Although regular onions prefer to be kept at room temperature, scallions do better when refrigerated, so if you have space in the fridge, keep them in there. The reason behind this is scallions are root vegetables, like leafy greens, so they will spoil fast at room temperature.

How to Identify Spoiled Scallions

When rotten, scallions might look or smell bad, or you might see a little water in the packaging. They might look slimy or very wilted, and might even have visible mold. Throw them out if you're in any doubt about their freshness.

Common Questions

What's the difference between the white and green parts of scallions?

While the white part is the root and offers a distinct onion taste, the green part is the stalk and offers a much milder flavor. The green part is often used as a garnish, while the white part usually goes into the recipe to add an onion taste.

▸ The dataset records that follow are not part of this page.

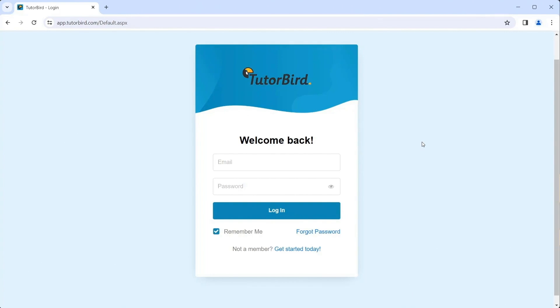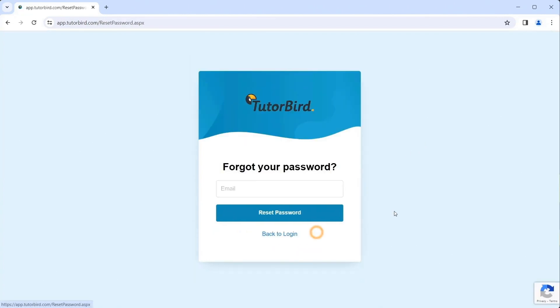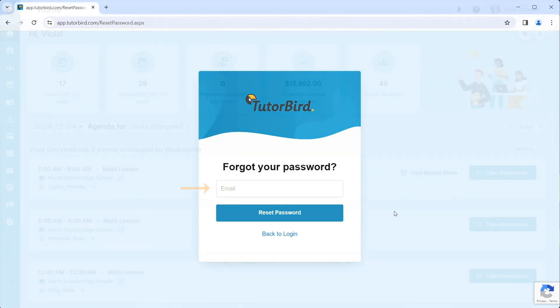Before you watch this whole video, remember that parents and students can reset their own passwords by clicking I forgot my password at the bottom of the login box. They can simply enter their email address and a password link will be sent to them.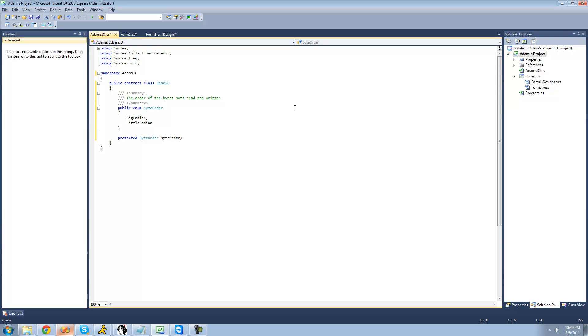Alright, so that's pretty much it for this tutorial. In the next tutorial, we're actually going to be creating the reading and writing classes and setting up methods to read and write bytes. Alright, so see you guys.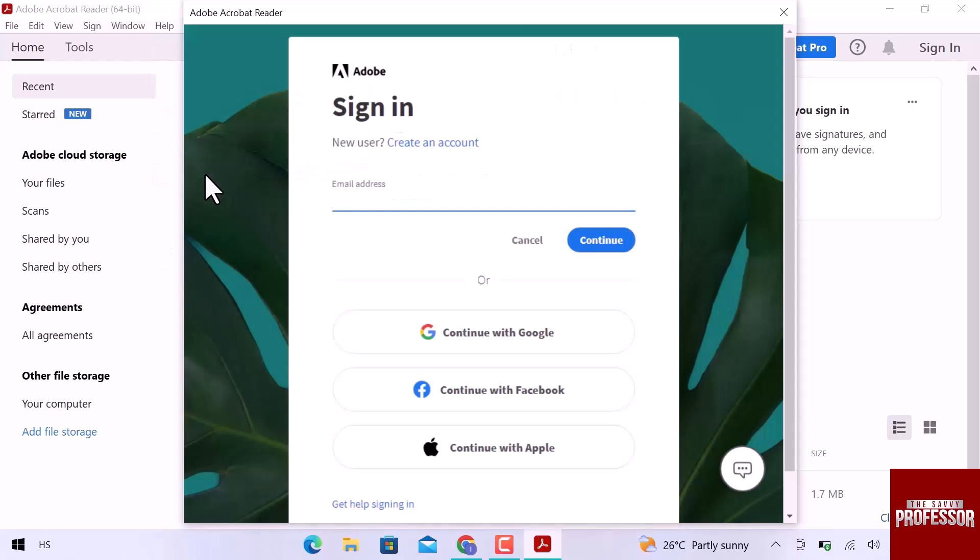Here sign in if you already have Adobe ID, or create an account with email address, Google account, Facebook, or with the Apple ID. You can go with any option. I will go with the Google account.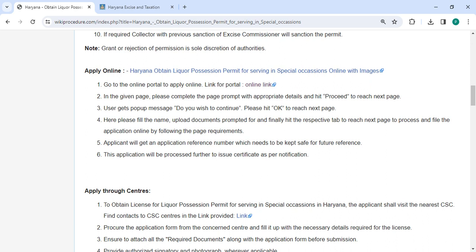Then you will get a pop-up message: 'Do you wish to continue?' Please click OK to reach the next page. Here, please fill the name and upload the documents prompted, and finally click on the respective tab to reach the next page.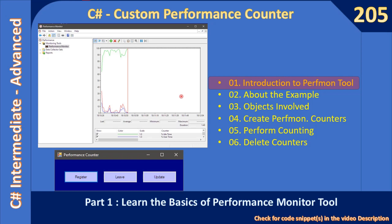Hello friends, welcome to the C# intermediate to advanced tutorial. We are starting a new sub-series, and in this sub-series we will see how to create our own custom performance counter.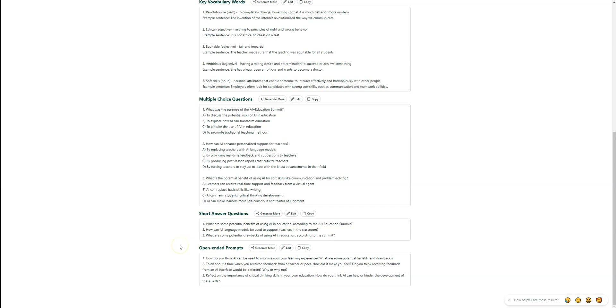There's also short answer questions and open-ended prompts. Personally, when I'm doing this type of exercise, I could see this as a do now or an exit ticket where you just want to see what they know or what they gain throughout that lesson. Maybe we start with an article.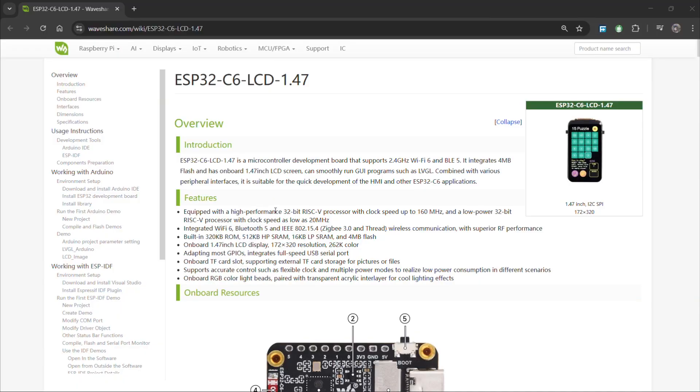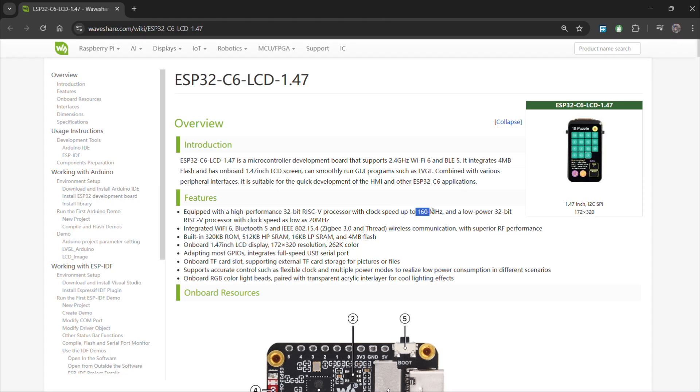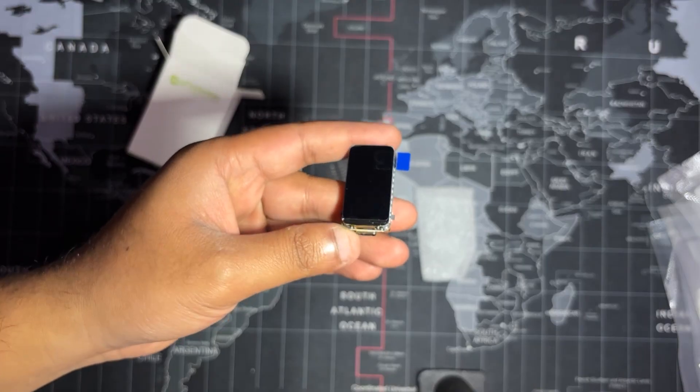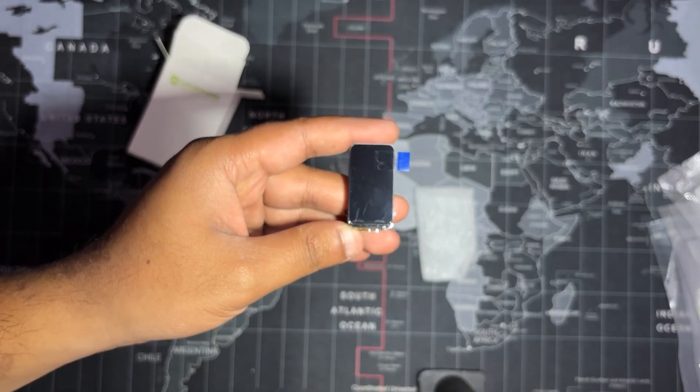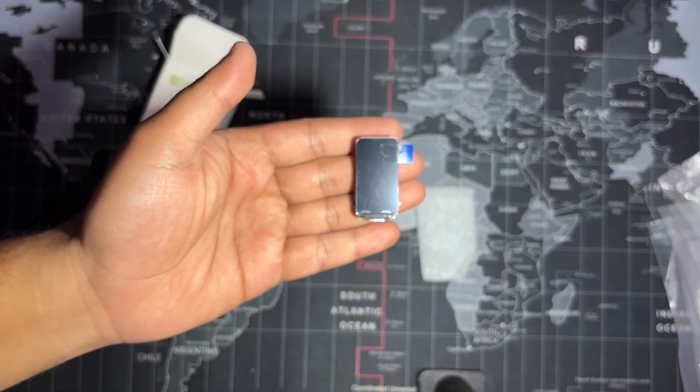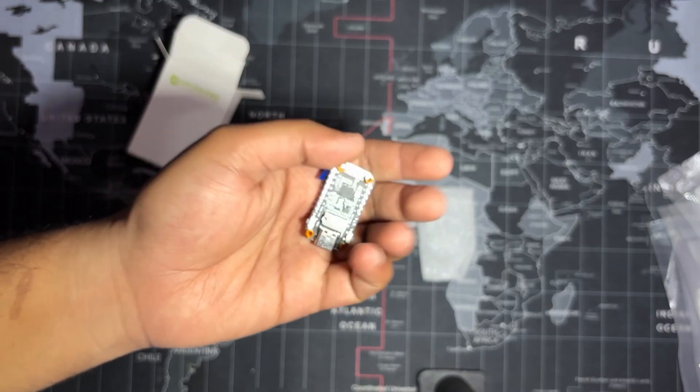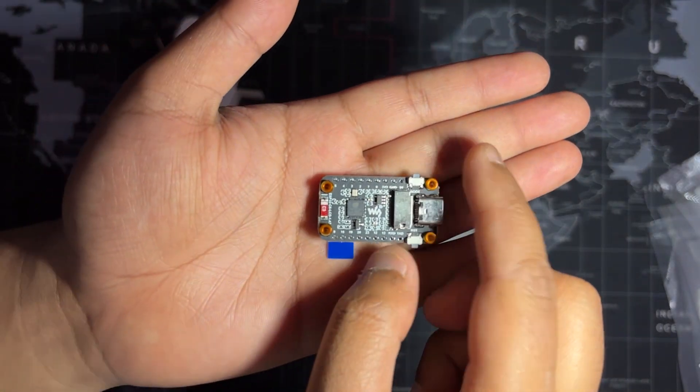The board features an ESP32-C6 microcontroller with 32-bit RISC-V core, running up to 160 MHz. The built-in display is SPI-based and works great with libraries like Adafruit GFX or LVGL.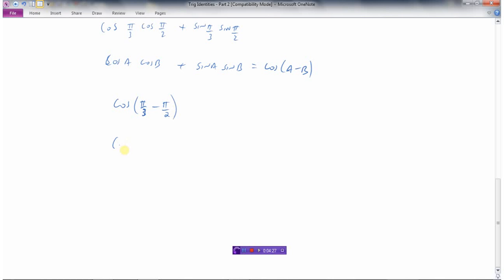I've got some fraction work to do here — these need common denominators of 6. Multiplying pi over 3 by 2 over 2 gives 2 pi over 6, and multiplying pi over 2 by 3 over 3 gives 3 pi over 6. So 2 pi over 6 minus 3 pi over 6 is negative pi over 6, and I can write that expression as simply the cosine of negative pi over 6.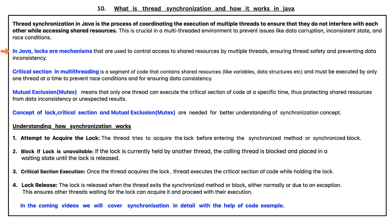In Java, locks are mechanisms that are used to control access to shared resources by multiple threads, ensuring thread safety and preventing data inconsistency.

Can you sub shallots for scallions in a recipe?

Yes, you can, but bear in mind shallots are sweeter as well as stronger in taste, so you might want to use a smaller amount.

Scallions in a jar with water.

Interesting Facts about Scallions

  • Although "cebollitas" - a scallion variety with big, bulbous bottoms - are used in Latin American recipes, the straight kind where the green and white parts of the scallion are the same thickness is more typical outside of this region.
  • If you keep scallions in cold or room temperature water, you might see they begin to sprout roots. This is perfectly normal and you can simply trim and discard the roots before using the scallions.
  • Scallions have a special affinity with cheese - try them in your next grilled cheese sandwich!

Knowing how to store scallions means you can keep them fresh for longer. Scallions are versatile and used in many different dishes and cuisines.